Some of May’s viewpoint is certainly palpable in her overwhelmingly misanthropic script for “Such Good Friends” (1971), which she wrote under the pseudonym Esther Dale, but after this surge of creativity in the early 1970s she was stymied and worked most as a script doctor, famously saving “Tootsie” (1982). The first half hour of her fourth film “Ishtar” (1987) is a rather brave portrait of male friendship between middle-aged losers, but the narrative thread gets lost eventually when they both travel to the Middle East.
May worked seldom after that film’s failure and the publicity about how much it cost and her own supposed indecisiveness. For “In the Spirit” (1990), which was co-written by her daughter Berlin, May played a broke society woman stuck with a New Age wacko (Marlo Thomas) who at one point brightly says, “I’ve never gotten tired of anybody or left anybody in my life ... they’ve always had to leave me!”

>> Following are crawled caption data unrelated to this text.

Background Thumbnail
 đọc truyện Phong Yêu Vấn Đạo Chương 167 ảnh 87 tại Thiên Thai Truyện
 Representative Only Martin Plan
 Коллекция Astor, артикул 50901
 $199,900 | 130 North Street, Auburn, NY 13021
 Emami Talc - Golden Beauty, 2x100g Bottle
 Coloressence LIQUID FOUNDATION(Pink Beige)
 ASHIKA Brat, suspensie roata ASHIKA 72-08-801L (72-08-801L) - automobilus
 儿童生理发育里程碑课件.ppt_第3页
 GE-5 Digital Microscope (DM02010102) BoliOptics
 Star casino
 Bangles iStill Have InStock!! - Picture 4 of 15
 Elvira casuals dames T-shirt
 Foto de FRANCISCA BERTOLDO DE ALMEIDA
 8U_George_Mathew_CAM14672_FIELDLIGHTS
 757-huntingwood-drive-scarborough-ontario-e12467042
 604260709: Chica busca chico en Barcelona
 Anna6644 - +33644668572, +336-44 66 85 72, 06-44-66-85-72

May worked for credit as a screenwriter for her former comedy partner Nichols twice in the 1990s, and she worked twice as a performer for Woody Allen projects and got boffo laughs in his “Small Time Crooks” (2000). She wrote for the theater and collaborated with her daughter, and the results were sometimes perplexing. But in 2018 May made an unlikely comeback as a performer on stage as an older woman whose mind is unraveling in “The Waverly Gallery,” for which she received a well-deserved Tony award.
May said that she based the characters in “Mikey and Nicky” on actual criminals that her parents knew, or knew of—but it’s hard not to wonder what she herself knows about betrayal and moral compromise. Why did such a brilliant artist work so sparingly and so often seek to erase herself? Like the moral issues posed by “The Heartbreak Kid” and “Mikey and Nicky,” these questions are likely unanswerable.